Patients must meet all eligibility criteria to be considered for enrollment into the study. Protocol waivers for eligibility will not be permitted.
Patients who meet all of the following criteria may be eligible to participate in the study:
1. Provide signed IRB/IEC approved informed consent in accordance with institutional guidelines.
2. Is 18 years of age or older at the time of signing the informed consent form (ICF).
3. Histologically or cytologically documented locally advanced, unresectable or metastatic solid tumor.
4. Refractory or intolerant to standard of care for advanced disease or not candidates for standard of care therapy (i.e., patient refusal, medical contraindication, etc.).
5. Measurable disease, as defined by RECIST version 1.1 (Investigator assessment).
6. Eastern Cooperative Oncology Group (ECOG) performance status 0 or 1.
7. Have a life expectancy of >= 3 months.

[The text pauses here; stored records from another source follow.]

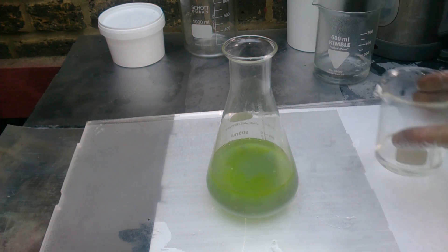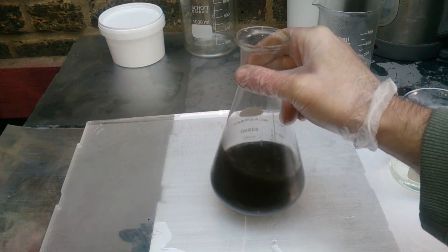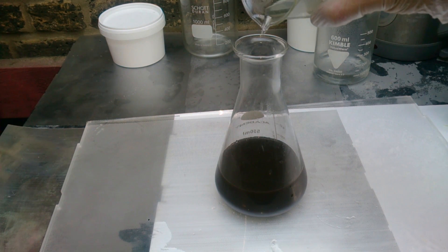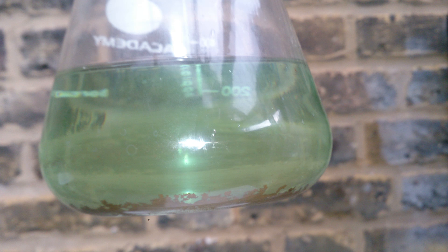Here you can see some color change. It was almost an immediate reaction without any hardcore sulfur dioxide gases. For now, just wait till it settles and filter your gold. This is how it settled just within two hours. I will keep it for another day just in case and filter it then. I hope you found it useful - thanks for watching.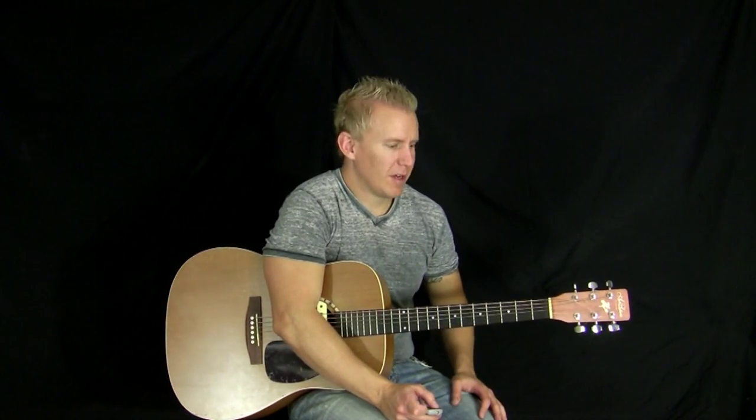Alright, thanks for stopping in. I hope that helped you get a grasp on the chords for Wagon Wheel, and maybe a couple of cool riffs to play around with. I'll see you on the next video — thanks so much.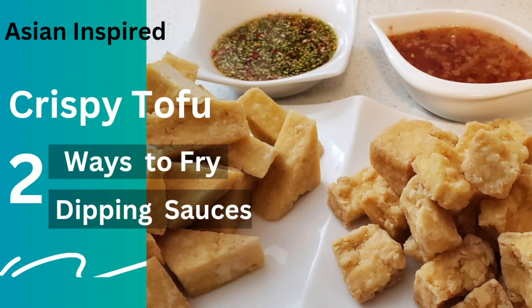Well, that's it for this week. I hope you enjoyed the video and have received valuable information to help you come up with a wonderful tofu recipe. Thanks for watching — don't forget to like and subscribe.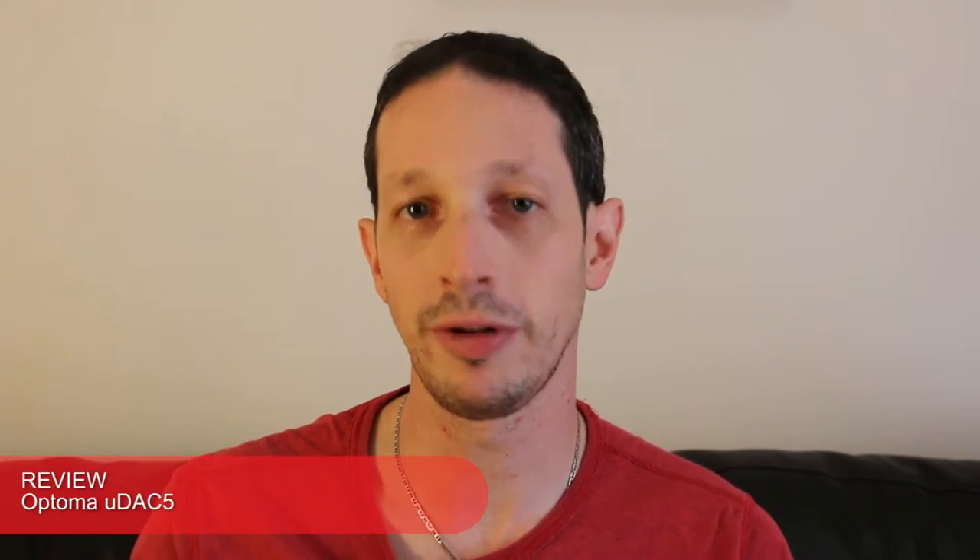Hey everybody, Rob from the Master Switch here, and this is our first ever video review, which I'm super excited about. To kick things off we're going to be talking about this little guy, the Optoma UDAC 5 digital to analog converter.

8. Be willing to provide pre-treatment (archival or fresh) and on-treatment tumor biopsy samples assuming they are deemed by the Investigator to be safe and accessible.

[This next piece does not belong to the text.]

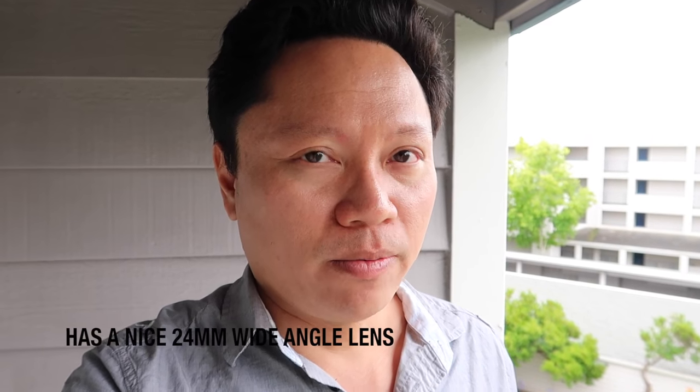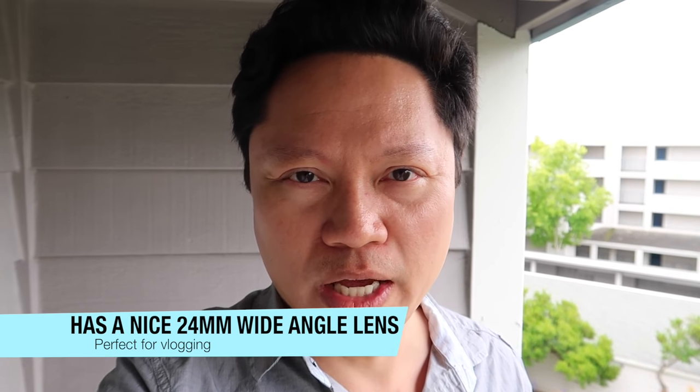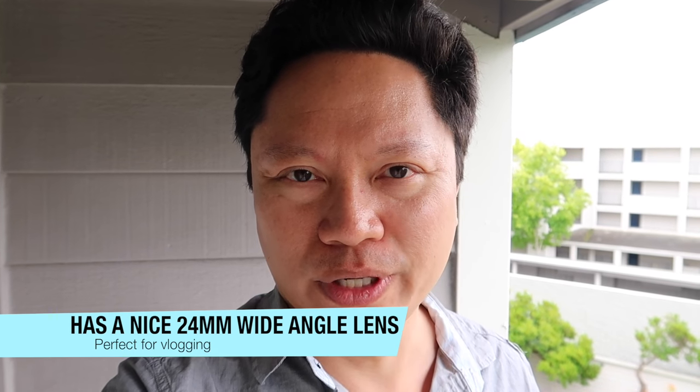I am shooting in full 1080p 60 and this camera does not do 4K, so that's one thing you should be aware of. The competitor camera, the Sony, does do 4K, but you can only shoot like 3 minutes of 4K before overheating, which I think is kind of ridiculous.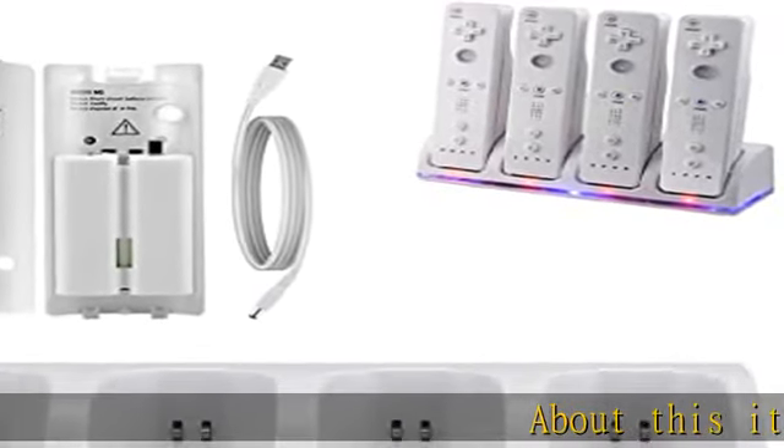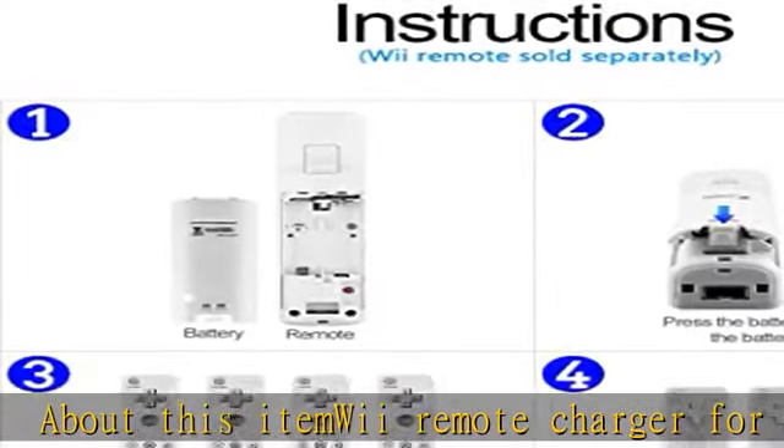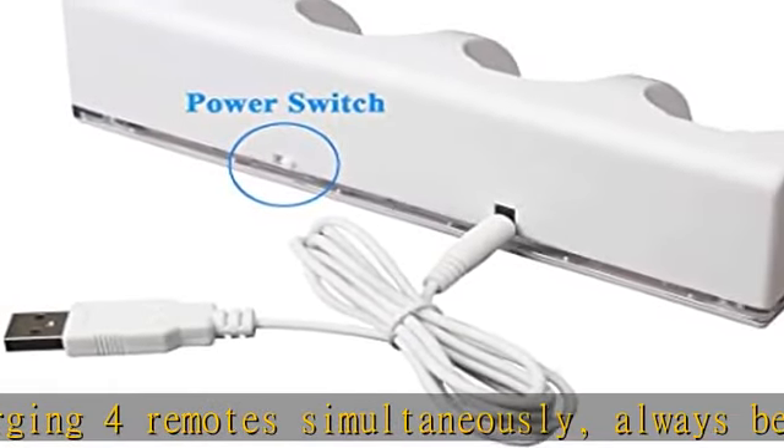About this item: we remote charger for charging two remotes simultaneously. Always be ready for gaming with friends and families. Comes with a USB charging cord. A 5V/2A wall charger adapter is required — wall charger adapter is not included.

9. Adequate organ function per below:
Hematological:
ANC >= 1500/microL
Platelets >= 75,000/microL
Hemoglobin >= 9 g/dL without transfusion within 7 days
Renal:
Calculated creatinine clearance >= 45 mL/min
Note: Creatinine clearance should be calculated per Cockcroft-Gault formula using ideal body weight
Hepatic:
Total bilirubin <= 1.5 X ULN; OR <= 3 X ULN for patients with liver metastases or Gilbert s disease
AST (SGOT) and ALT (SGPT) <= 3.0 X ULN; OR <= 5 X ULN for patients with liver metastases
Coagulation:
International Normalized Ratio (INR) or Prothrombin Time (PT); and Activated Partial Thromboplastin Time (aPTT) <=1.5 X ULN unless patient is receiving anticoagulant therapy as long as PT or PTT is within therapeutic range of intended use of anticoagulants
10. Fertility criteria:
-Women of childbearing potential (WOCBP) and fertile males with WOCBP partners must use highly effective contraception (failure rate <1%) during the study and for 180 days after the study.

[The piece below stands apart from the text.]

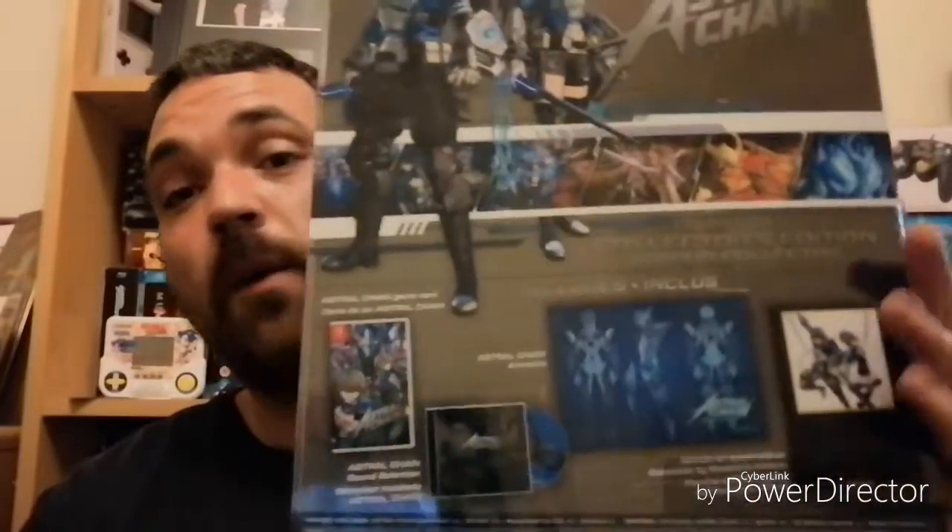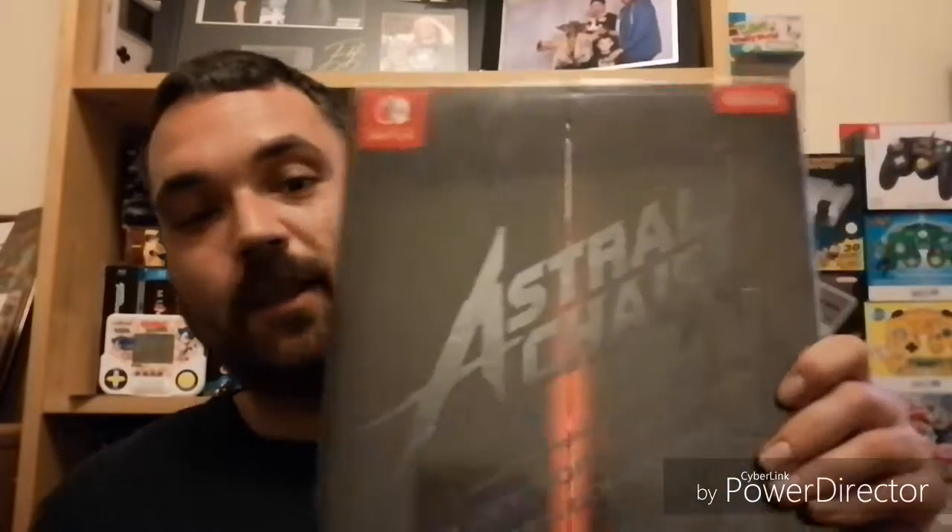Such a weight — I wasn't even expecting it to be nearly as heavy as it is, but I dare say that's due to the art book. I've not even opened this yet; it's just come in the box. I've not even had time, I've been run off my feet all day.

-Patients must agree not to donate eggs (ova, oocytes) or sperm during the study and for 180 days after the study.
EXCLUSION CRITERIA:
Patients who meet any of the following criteria will not be eligible to participate in the study:
Cancer-Specific Exclusion Criteria:
1. Use of anti-PD-1/PD-L1 targeting monoclonal antibody therapy, monoclonal antibody therapy, chemotherapy, biologic, investigational, or radiotherapy within 2 weeks of Cycle 1 Day 1.
2. Clinically significant unresolved toxicities from prior anticancer therapy (presence of CTCAE >= Grade 2 toxicity excluding Grade 2 neuropathy or alopecia).
3. Grade 3 or higher immune related AE on prior PD-1/PD-L1 blockade or prior agents targeting stimulatory or co-inhibitory T cell receptor. NOTE: Patients with >= Grade 3 endocrinopathies on prior PD-1/PDL-1 blockade that are adequately controlled with hormone supplementation may be included in the study.
4. Known other previous/current malignancy requiring treatment within <= 2 years except for limited disease treated with curative intent, such as carcinoma in situ, squamous or basal cell skin carcinoma, or superficial bladder carcinoma.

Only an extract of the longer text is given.